── DATA SHOWN

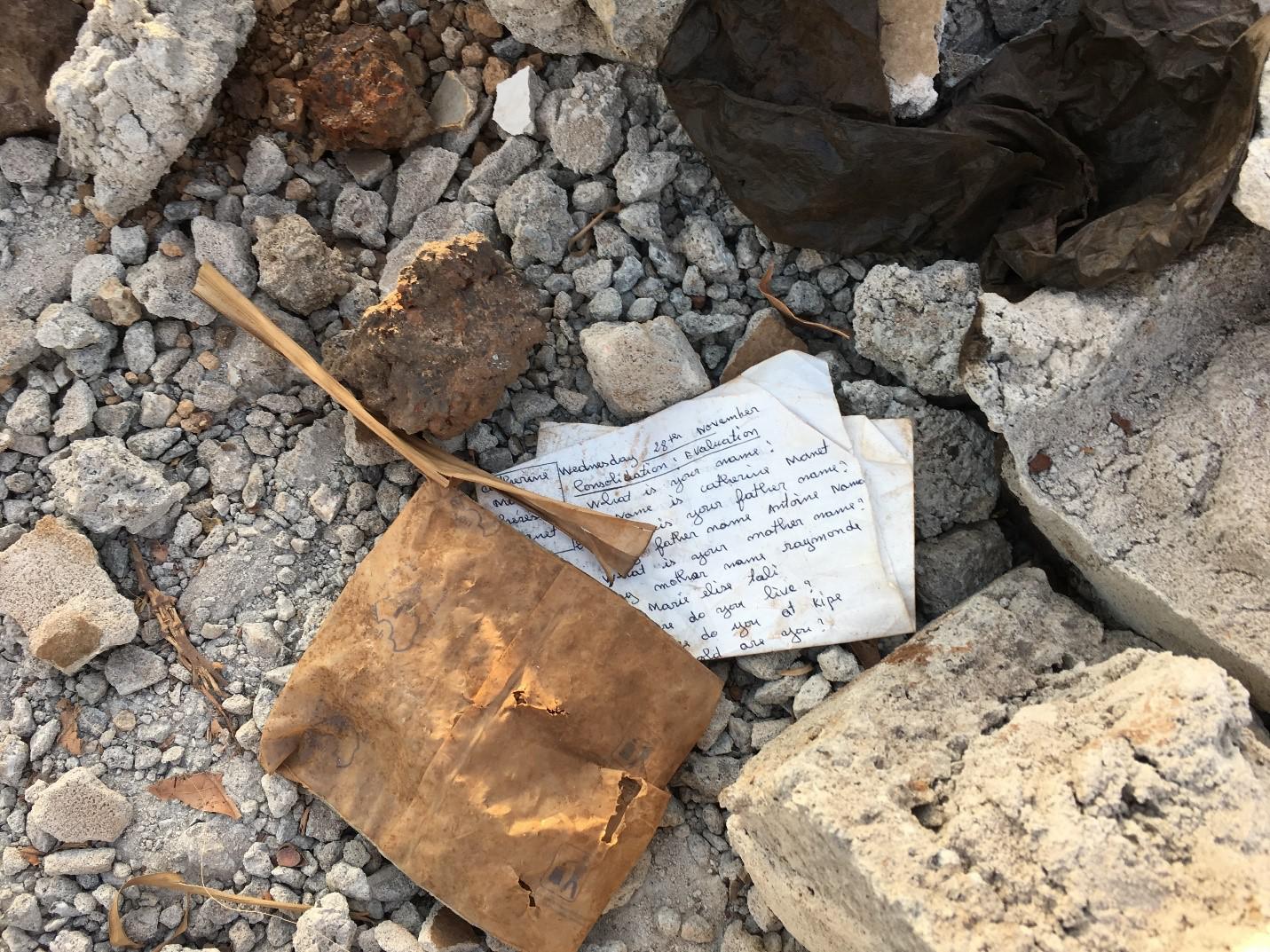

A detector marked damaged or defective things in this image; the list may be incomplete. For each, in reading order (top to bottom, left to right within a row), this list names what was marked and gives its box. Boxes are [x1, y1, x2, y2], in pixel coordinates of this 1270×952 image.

broken concrete chunk [0, 0, 83, 139]
broken concrete chunk [47, 0, 256, 219]
broken concrete chunk [305, 25, 435, 151]
broken concrete chunk [254, 214, 344, 314]
broken concrete chunk [325, 232, 543, 440]
broken concrete chunk [579, 318, 710, 419]
broken concrete chunk [856, 259, 980, 396]
broken concrete chunk [50, 437, 190, 536]
torn paper [479, 353, 916, 657]
broken concrete chunk [845, 383, 1001, 539]
broken concrete chunk [966, 221, 1270, 706]
broken concrete chunk [0, 518, 139, 671]
broken concrete chunk [28, 767, 133, 841]
broken concrete chunk [724, 564, 1270, 951]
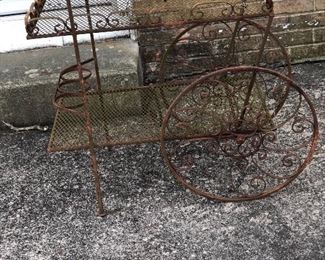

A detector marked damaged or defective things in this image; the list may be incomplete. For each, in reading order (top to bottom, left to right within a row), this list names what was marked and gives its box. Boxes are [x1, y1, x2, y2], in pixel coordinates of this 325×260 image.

rusted metal frame [65, 0, 105, 216]
rusty metal cart [24, 0, 316, 216]
rusted metal frame [238, 12, 274, 124]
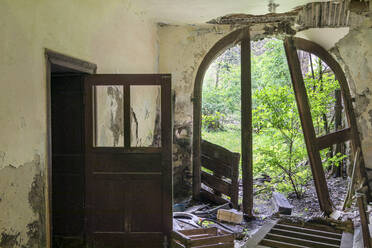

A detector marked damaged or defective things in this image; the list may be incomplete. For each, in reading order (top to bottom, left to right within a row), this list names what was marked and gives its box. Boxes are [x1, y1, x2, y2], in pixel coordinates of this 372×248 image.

────

From the line that holds "this 325×260 image." to the last line of the records, please copy each line exactly and nothing else. Pictures stay out.

• _TASK OUTPUT_
A detector marked damaged or defective things in this image; the list may be incomplete. For each, in reading order (top to bottom, left to right within a row), this list names what was marked and gives its box. Boxes are [x1, y1, x2, y2], in pixel coordinates of this 325×260 image.

rusted metal frame [65, 0, 105, 216]
rusty metal cart [24, 0, 316, 216]
rusted metal frame [238, 12, 274, 124]

A detector marked damaged or defective things in this image; the list may be incomplete. For each, in reading order (top to bottom, left to right within a row), this list names what was marked and gives its box. Boxes are [x1, y1, x2, y2], in pixel coordinates of this 372×248 image.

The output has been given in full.